Surprise! I wasn’t always on A-squad. In fact, for 4 months of my race preparation, I was on Z-squad until they asked the entire squad (about 70? people at the time) if any of us would switch to A-squad (30ish people at the time) to even out the numbers between the two squads that launched in September.
 
Obviously, I chose to switch to A-squad. My reasoning was two-fold:
 
1. I absolutely wanted to experience Christmas in India, because that sounded crazy exciting, and it was.
 

*Me and my babygirl with downs in India on Christmas Eve

2. Every country on A-squad’s route has been historically plagued with some kind of social injustice, and my heart was really for trafficking victims, so…
 
I included Rwanda in my “Yes! I pick the social justice route!” because I knew there had been a genocide here in the 90s…
I just learned this week, though, that I knew absolutely nothing about that genocide.
I didn’t know anything about any genocide, really, until I moved into the city that experienced its own when I was 5 years old. 
 
We recently visited the national genocide museum in Kigali, where I learned just how much I don‘t know.

The photographs lining the walls are horrific –

printed evidence that the streets of the city that I’ve been walking for the past several weeks were once lined with piles of mangled bodies,
massacred with zero discrimination between men, women, and children

 

Historically, in as few words as possible, the Hutu tribe raised up a youth militia to believe that the Tutsi tribe was inherently inferior, dirty, and inhuman.
A single nation was divided entirely based on economic status, and those who had “less” tried to eliminate the threat of being ruled by completely wiping out the population of those with “more.”
 
Death of the Tutsi wasn’t the goal of the Hutu militia, though… 
 
Torture, dehumanization, humiliation, and guaranteeing the impossibility that another generation of the entire people group would ever be born was. 
 
The militia used dull machetes, the blunt end of rifles or other blunt objects, chains, etc. to brutally abuse and murder the Tutsi people. 
 

I don’t know how I didn’t know that. This isn’t ancient history. This isn’t old testament wars.

This is what the nation of Rwanda was experiencing while I was eating ice cream cones and going to see my first movie in theaters (just to be clear, it was 101 Dalmatians, I likely slept through half of it).

 
A direct quote from the genocide museum reads, 
 
“The world withdrew and watched as a million people were slaughtered.”
 
I couldn’t help but feel ashamed that no one really stepped in to put a stop to the genocide in Rwanda until an entire people group had nearly been wiped out.
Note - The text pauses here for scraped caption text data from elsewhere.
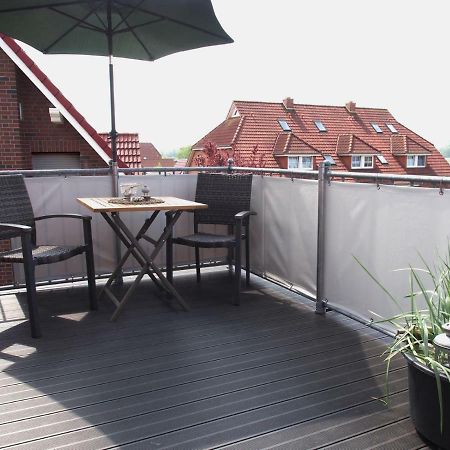 An'T Moehlen Carolinensiel Exterior foto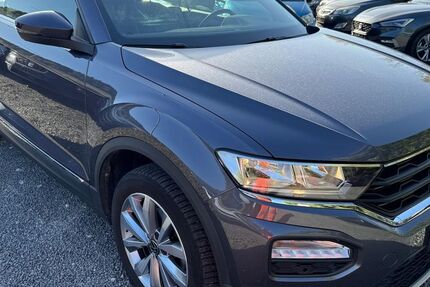 VW T-Roc 38.500 km 17.980 &euro; Boxberg 97944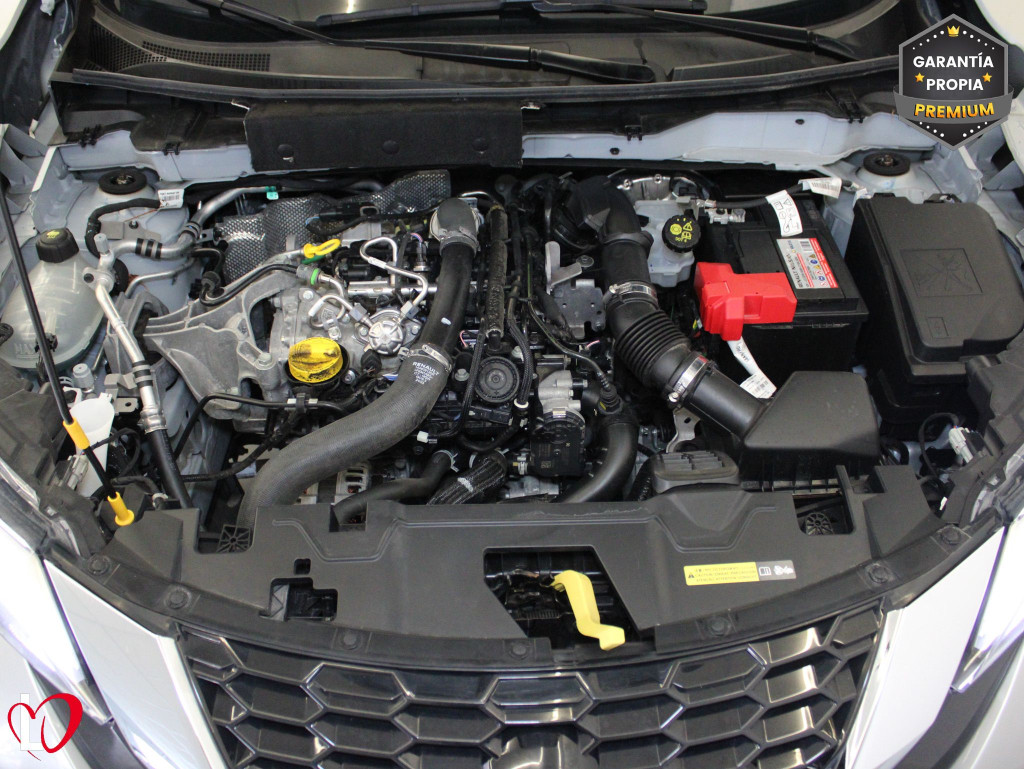 NISSAN JUKE 1.0 DIG-T N-DESIGN BLACK de segunda mano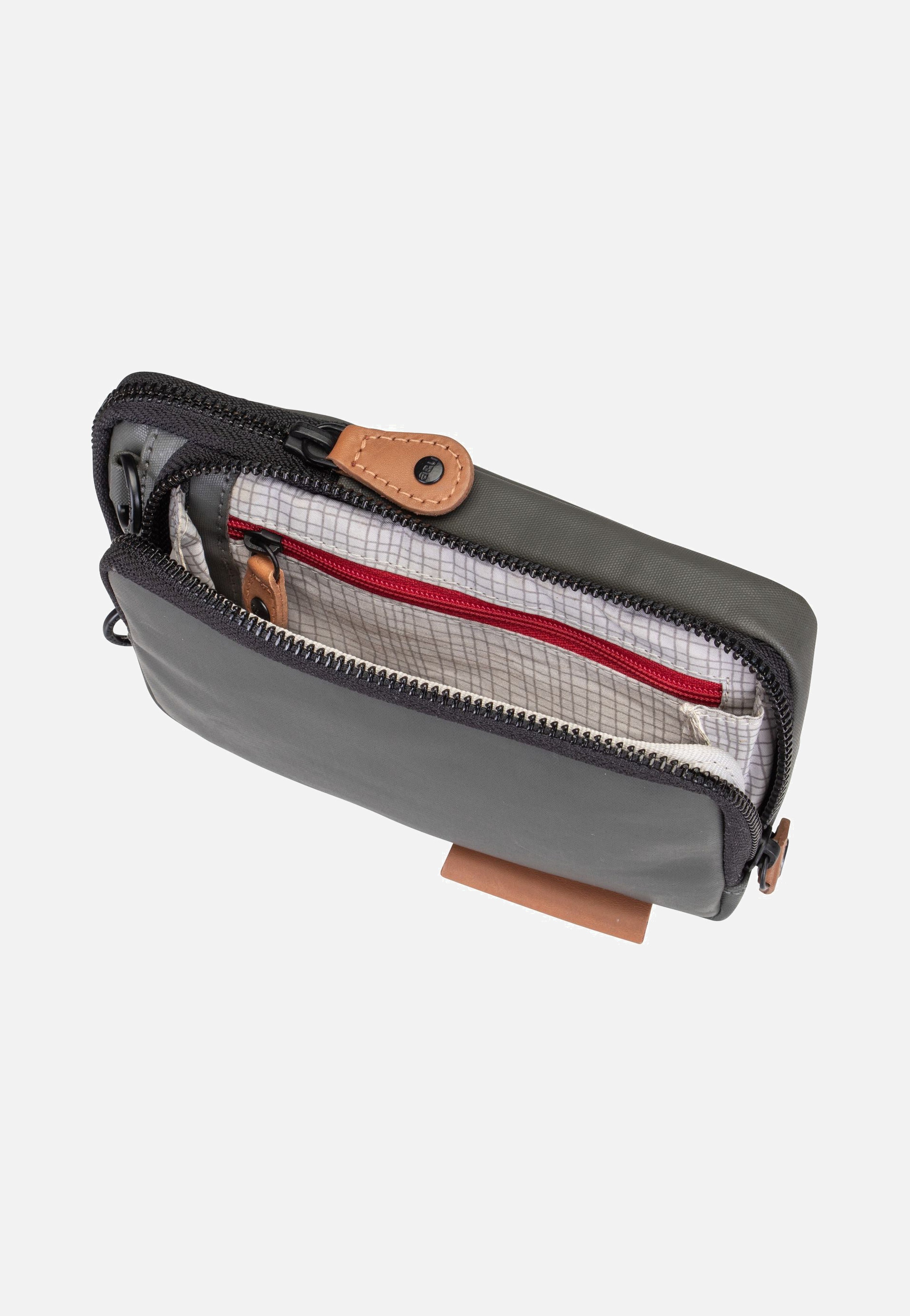 aunts & uncles Uji Gravity Grey Handytasche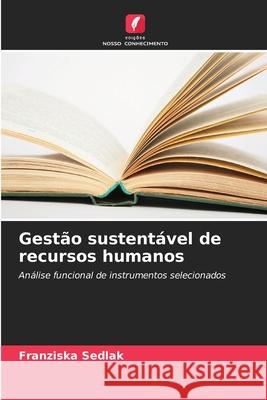 Gestão sustentável de recursos humanos
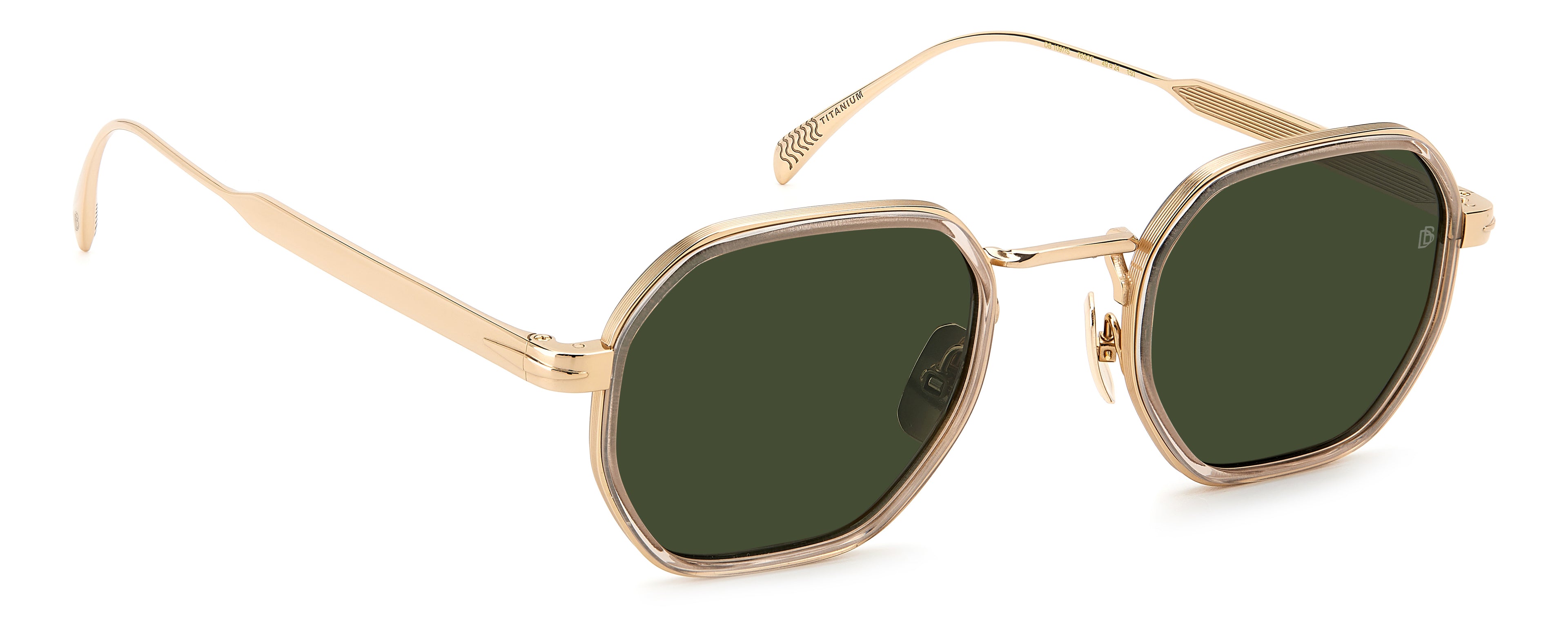 DAVID BECKHAM DB 1097/S 763 QT 49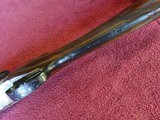 PARKER WINCHESTER REPRODUCTION DHE 12 GAUGE, LIKE NEW, CASED - 7 of 15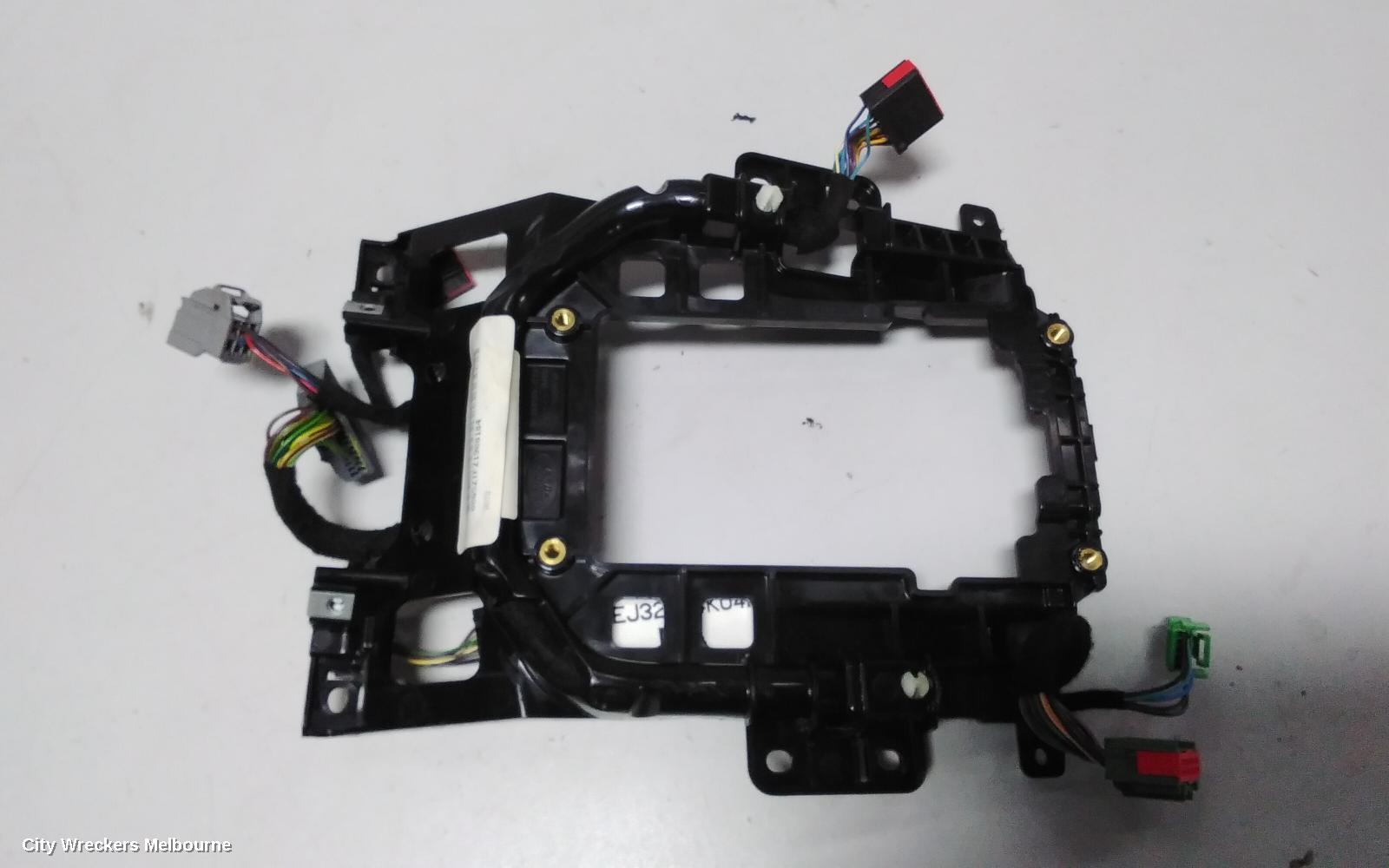 LAND ROVER RANGEROVER EVOQUE HEATER/AC CONTROLS, L538, 11/2011 - 01/2019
I know I was 5-years-old, I know I wouldn’t have known what to do either, but really, America? We went with “nothing” as our response? 

 
The day after visiting the genocide museum, we were asked to visit a boarding school that houses 1,000 students ages 11-23. We walked in and sat on a bench outside the headmaster’s office while students set up the main hall for our visit, and I noticed a sign nailed to a tree right in front of me. 
 
I hope I never forget the image of this sign, my camera broke early last month so I had no way of capturing it, but it simply read,

“Never Again.”

 
And my heart was suddenly alive again.

Jesus, I'm sorry for so often forgetting the infinity of Your Goodness, but thank you for continuing to hang evidence it on a tree right in front of my face.

United Pursuit Band sings a song called “Break Every Chain,” about the power of Jesus’ name; and a refrain at the end of the song sings over and over again, “there’s an army rising up to break every chain.” 

 
After I read that sign, all I could hear in my head was that TRUTH!

There’s an army rising up!

 

In the same nation where a youth militia was raised up and empowered to carry out acts of undeserved violence rooted in unprompted hatred;


my team and I had the privilege of worshiping with and preaching to a youth militia being raised up and empowered to carry out acts of unprompted affection rooted in undeserved Love.


 


 Walking around Kigali, it’s not hard to find survivors with obvious scars on their bodies from abuse during the genocide…but God's goodness covers and restores even the extent of the hatred and sinfulness that carried out (and, honestly, is still trying to carry out) the genocide that forever changed this country's history.

 

What breaks my heart even more, though, are the scars I can’t see with my eyes…

more on that in my next blog.

By the way, I love you all.
Especially my family – mom, dad, shannon, cody, will, nataly, and baby will – I love you all a lot.